→ **What the exercise asks**
Omit all pictures, and print word for word only the lines from the one containing "Nordic Light Luxury" through the end of the data.
[Opening Provided data section]
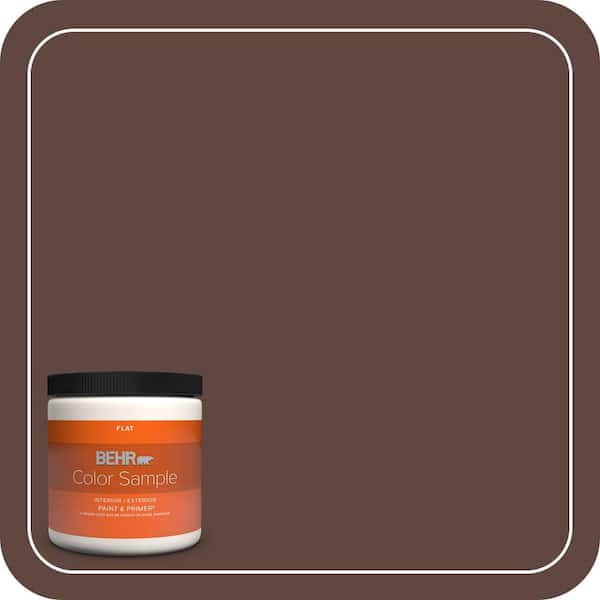BEHR PREMIUM PLUS 8 oz. #180F-7 Warm Brownie Flat Interior/Exterior Paint & Primer Color Sample
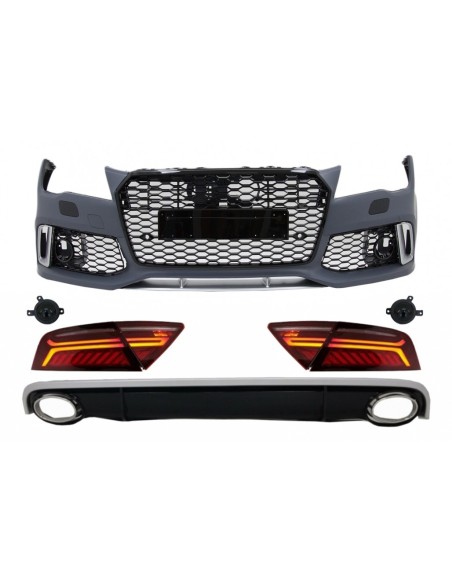 Paraurti anteriore e diffusore posteriore w/ luci posteriori a LED per Audi A7 4G Pre-Facelift (10-14) RS7 Design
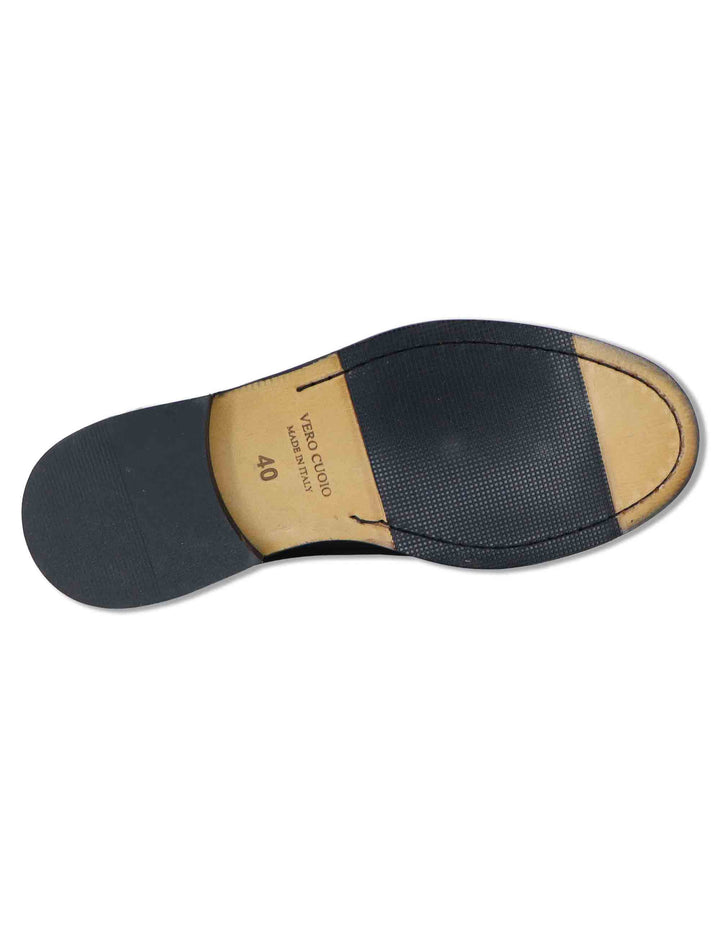 Stringate uomo in pelle nera con suola in cuoio e gomma cucita SPDU603 001 Spatarella 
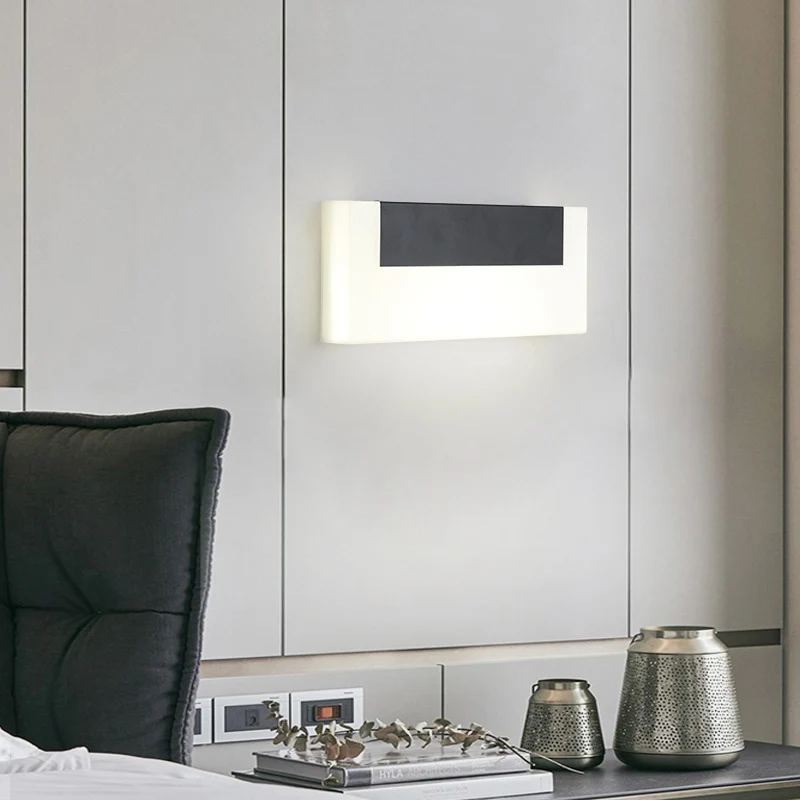 

Nordic Light Luxury Minimalist Geometric Rectangle Wrought Iron Wall Lamp Acrylic Bedroom Study Room Living Room Lighting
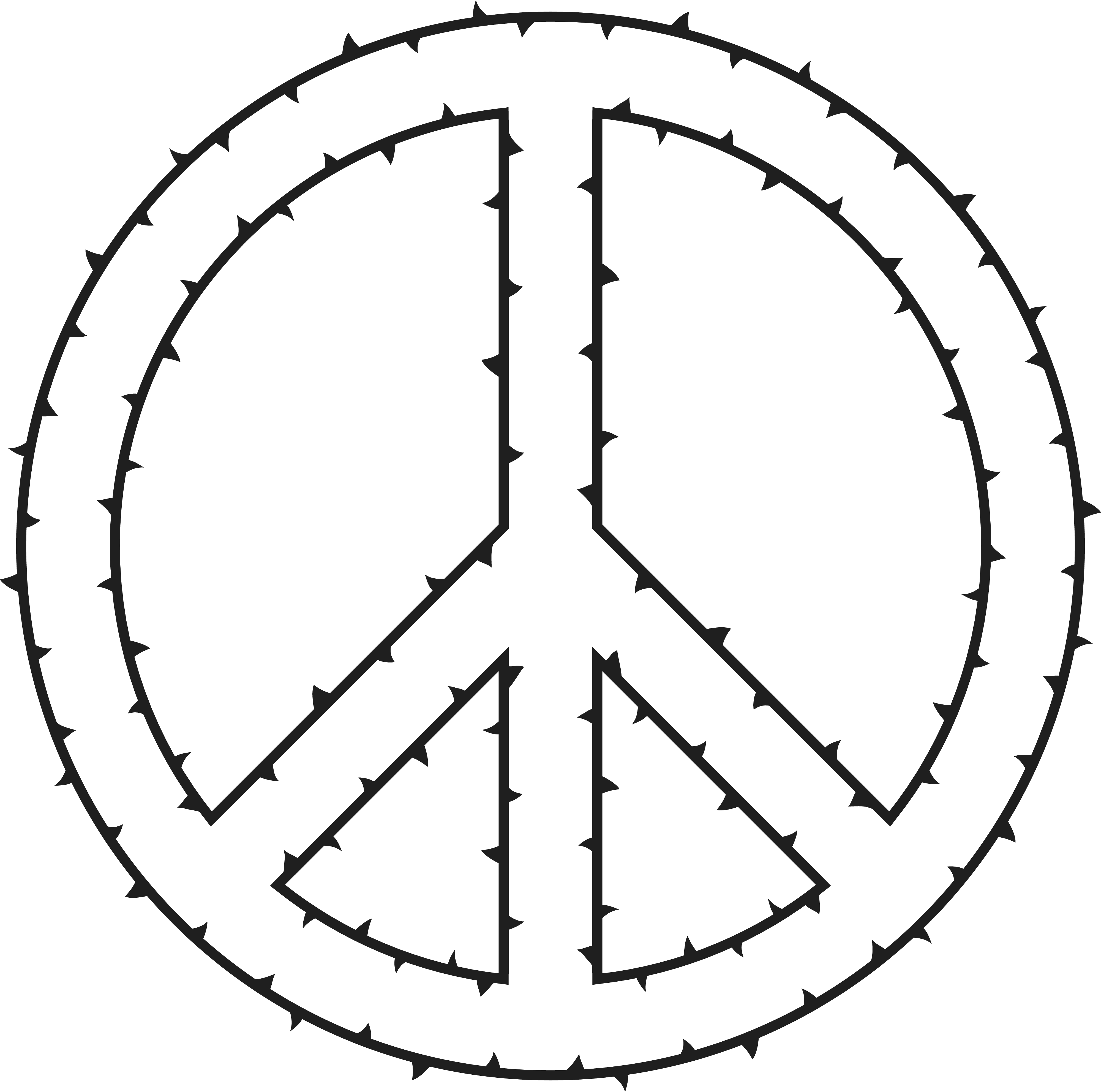 Free Clipart Of A Peace Symbol Made Of Thorns - Transparent Background Peace Sign Outline (4000x3967)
[Closing Provided data section]
→ **Output for this task**
Nordic Light Luxury Minimalist Geometric Rectangle Wrought Iron Wall Lamp Acrylic Bedroom Study Room Living Room Lighting
 Free Clipart Of A Peace Symbol Made Of Thorns - Transparent Background Peace Sign Outline (4000x3967)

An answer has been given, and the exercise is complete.